Cenaze namazı öncesi bir konuşma yapan Malatya’nın kanaat önderlerinden Mahmut Yayla, “Muhammet İlker kardeşimiz. Allah kendisine gani gani rahmet eylesin. Son 15 senedir onun imanına şahit olduk. Onun çalışmalarına şahit olduk. Onun Gazze ile ilgili olarak, İslam ümmetiyle ilgili olarak, Müslümanlarla ilgili olarak, ümmetin uyanışıyla ilgili olarak ve Müslümanların idareyi ele geçirme adına bir çaba bir gayret içerisinde olduğunu gördük. Kardeşimizin çalışmalarına ve fedakarlığına bizatihi şahitlik ettik. Bu kardeşimiz cesur, Mümin, Müslüman Fedakâr, mert, akıllı, karar alabilen, ümmetten yana karar alabilen bir kardeşimizdi. Peygamber Efendimizin dediği gibi ‘nasıl yaşarsanız öyle ölürsünüz’ Bu kardeşimizin ölümü de yatsı namazını evde kılarken son rekâtın secdesinde ruhunu Rahman’a teslim ediyor. Hem Gazze ile ilgili olarak hem de memleketimizde meydana gelen bazı olaylar neticesinde güzel ölümler anlatıldığında, birçok kardeşimiz de buna şahittir. İlker Başkanımız ‘Benimde istediğim secdede ölümdür’ diyordu. Allah’u Teâlâ secdede ölümü bana nasip edecekse şimdi canımı alsın’ dediğine şahit olduk. Ve bu güzel ölümü onun bir şahitliktir.
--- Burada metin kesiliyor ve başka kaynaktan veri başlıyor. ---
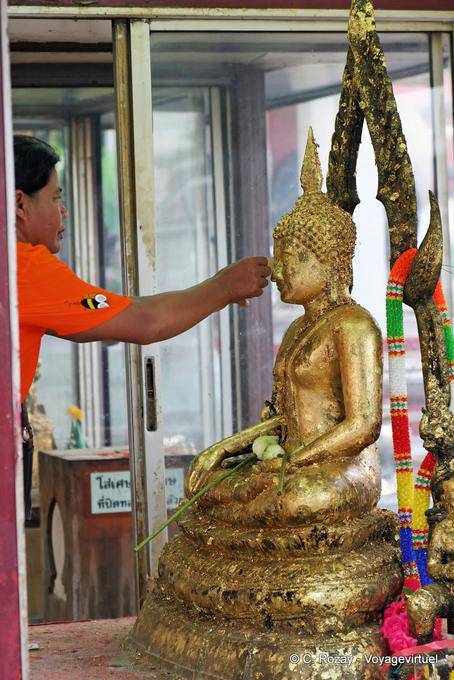Folha de ouro em Wat Sri Rattana Mahathat aposição, Phitsanulok - Tailândia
“İlker başkan Gazze ile ilgili yapılan çalışmalarda çok mütevazi idi”
Yayla “Malatya’daki STK’lar olarak Gazze ile ilgili olarak neler yapabiliriz? Çalışmalarımıza katılmak istediğini söyledi. İlker Başkan bu çalışmalarda, bir siyasi parti olarak değil, bir STK üyesi gibi davranıyordu ve çok mütevazi idi. Ve bu STK’lardaki kardeşlerimiz tarafından da bu şekilde kabul görülmüştü. Kendisinin de bulunduğu STK’ların Kürecik NATO Radar Üssü’nün kapatılması ile ilgili Bayramın 3’üncü günü bir konvoyun oluşturulması ve Küreciğe gidilmesi talebi vardı ancak Vali Bey konvoya izin vermedi. Sonradan toplantıda şu anda taziyesini yapacağımız Kernek Karagözlüler Camii bahçesinde bir basın açıklaması yapılmasına karar verildi. Bu kardeşimiz partinin bayramlaşma programını iptal etti ve yarın ki Cuma günü yapılacağı planlanan basın açıklamasında STK’lar ve Malatya halkıyla bir araya gelerek bayramlaşıp kucaklaşmayı istemişti. Kardeşlik ve ümmet adına bu kararından dolayı kendisiyle gurur duyduk” diye konuştu.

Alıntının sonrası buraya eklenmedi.